* EXERCISE *
Restate the data exactly as given and keep the pictures out.

[LISTED ENTRIES]

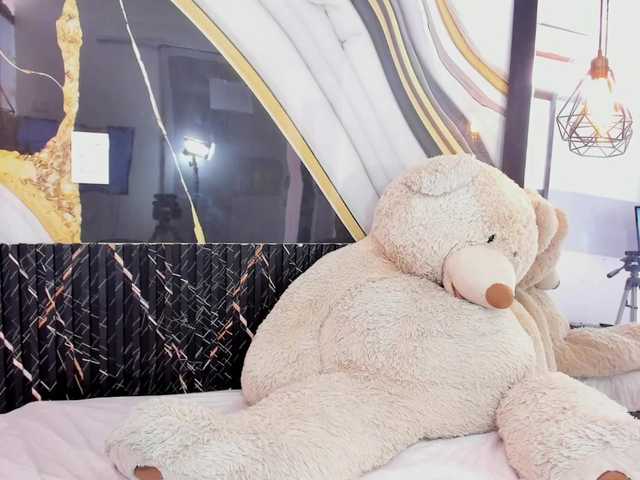 LaurenRose live cam on BongaCams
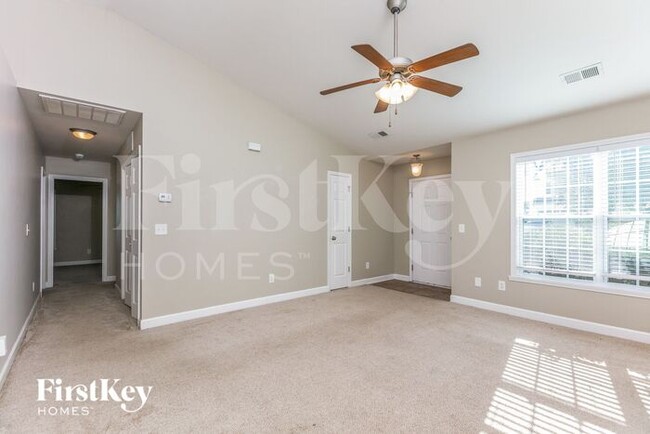 Foto del edificio - 5810 Sycamore Glen Rd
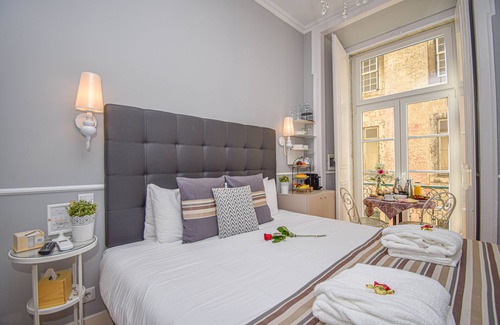 Santa Maria Maior Bed & Breakfast | B in B Lisbon Downtown Suites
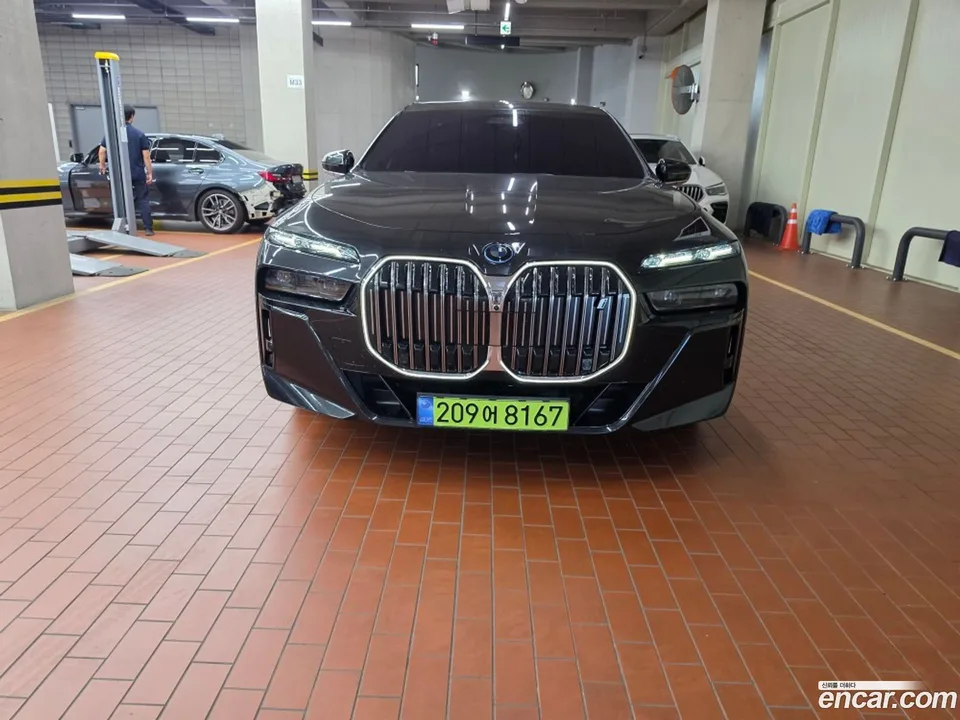 BMW i7 xDrive 60 M 2024 — thumbnail 4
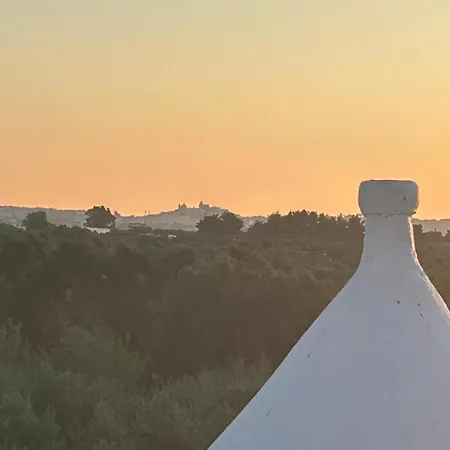 Trullo & Lamia Meraki *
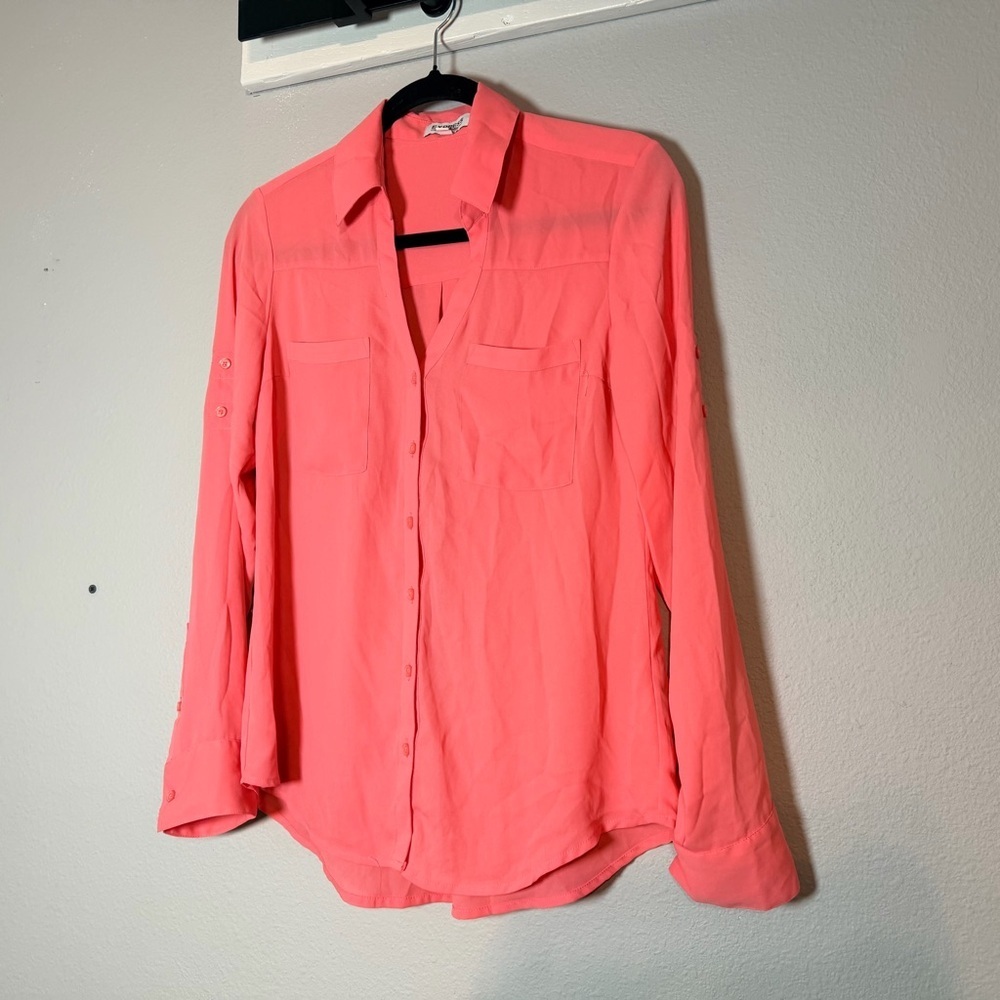 Express Portofino Button Up Blouse Size Small Coral Deep V-Neck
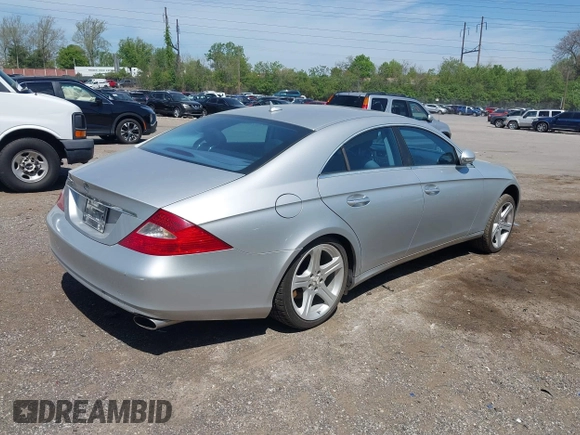 2007 Mercedes-Benz CLS-Class 5.5L with VIN WDDDJ72X07A088530, listed as a IAAI auction lot 42142766 with 202,648 mi miles. Bid and sale history available at carsss.com. Image 4.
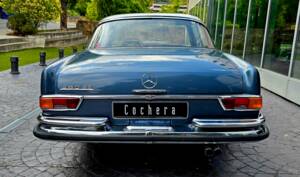 Image 5/34 of Mercedes-Benz 280 SE (1970)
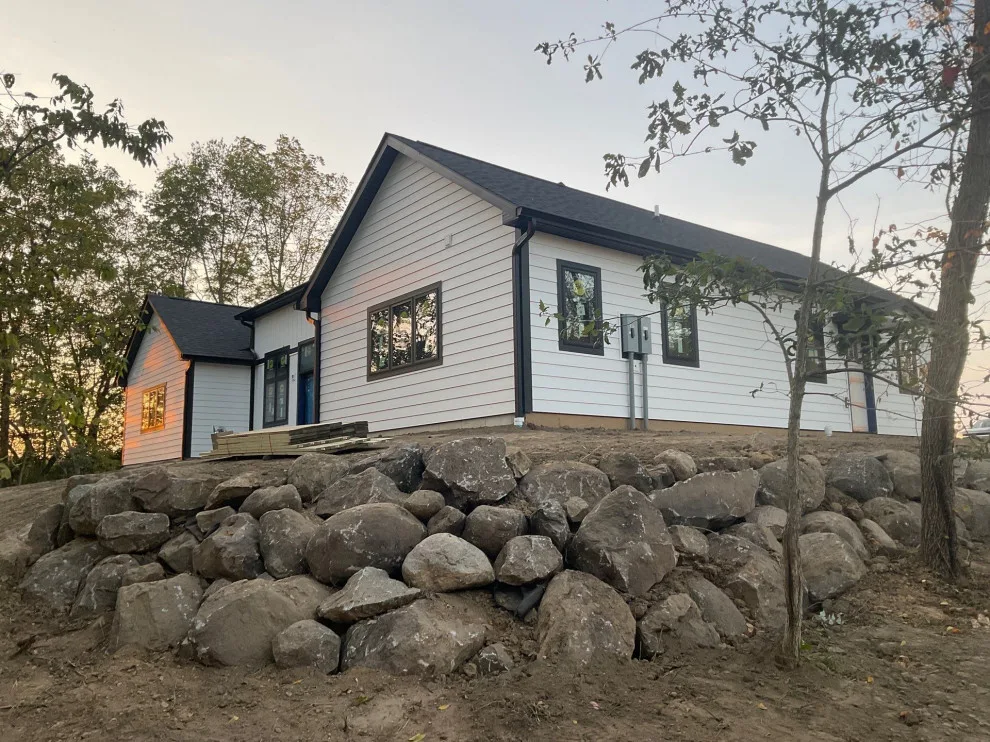 Fresh Abode by DK Construction Inc - Photo 3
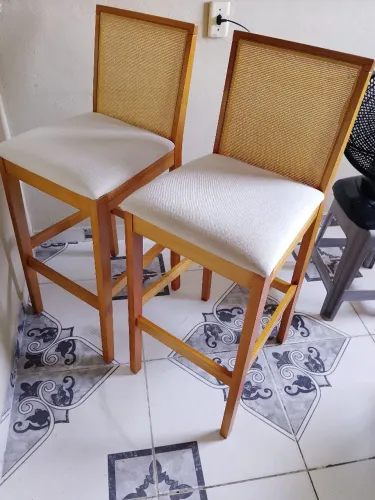 Banquetas lindas , de cor amadeirada 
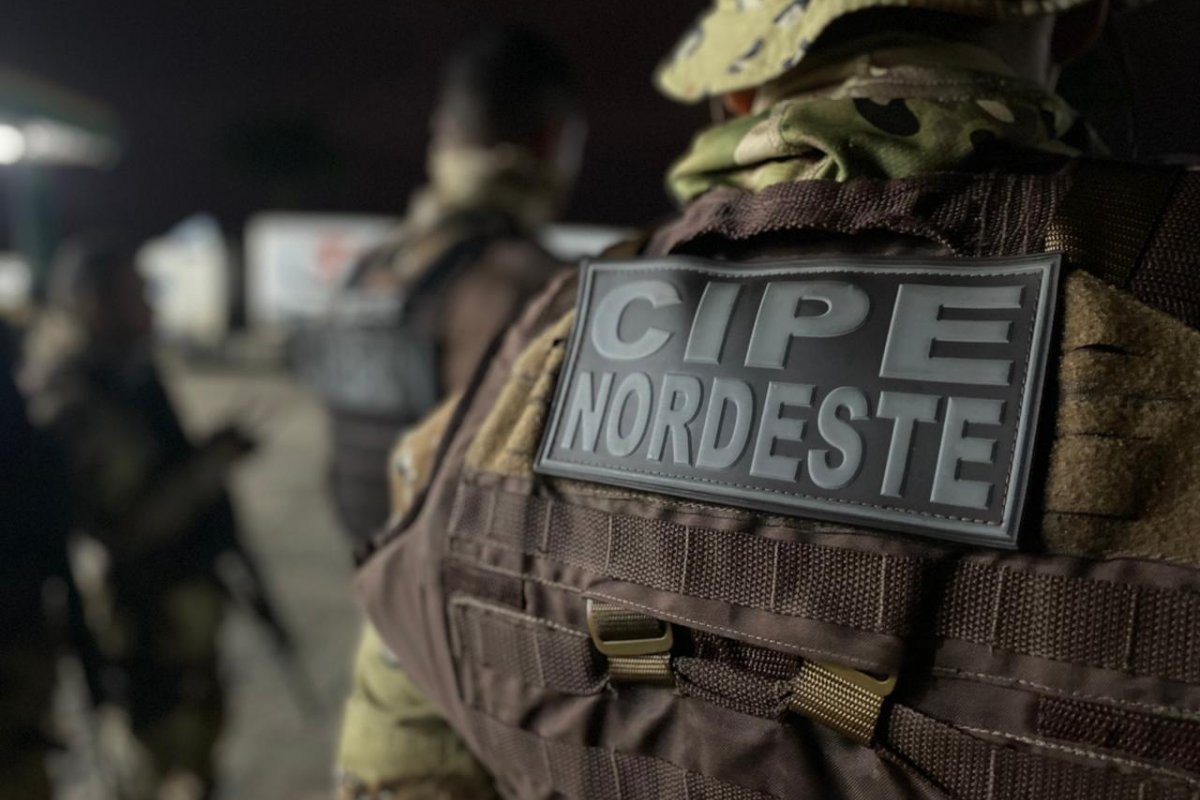 Policiais cumprem 5 mandados de busca e apreensão contra suspeitos de participar de grupo de extermínio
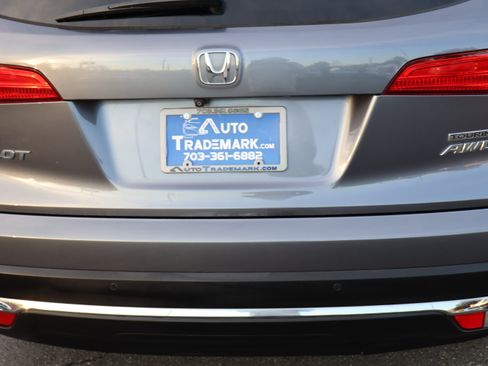 Used 2016 Honda Pilot Touring image 12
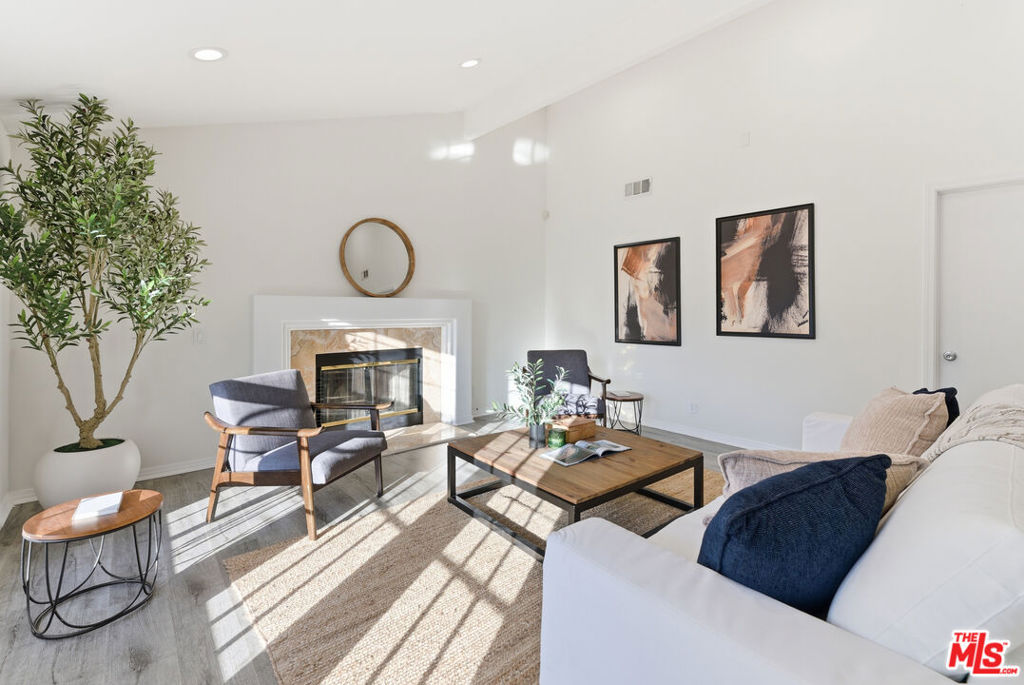 18445 Los Alimos Street Property Photo 8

[/LISTED ENTRIES]

* YOUR RESPONSE *
 LaurenRose live cam on BongaCams
 Foto del edificio - 5810 Sycamore Glen Rd
 Santa Maria Maior Bed & Breakfast | B in B Lisbon Downtown Suites
 BMW i7 xDrive 60 M 2024 — thumbnail 4
 Trullo & Lamia Meraki *
 Express Portofino Button Up Blouse Size Small Coral Deep V-Neck
 2007 Mercedes-Benz CLS-Class 5.5L with VIN WDDDJ72X07A088530, listed as a IAAI auction lot 42142766 with 202,648 mi miles. Bid and sale history available at carsss.com. Image 4.
 Image 5/34 of Mercedes-Benz 280 SE (1970)
 Fresh Abode by DK Construction Inc - Photo 3
 Banquetas lindas , de cor amadeirada 
 Policiais cumprem 5 mandados de busca e apreensão contra suspeitos de participar de grupo de extermínio
 Used 2016 Honda Pilot Touring image 12
 18445 Los Alimos Street Property Photo 8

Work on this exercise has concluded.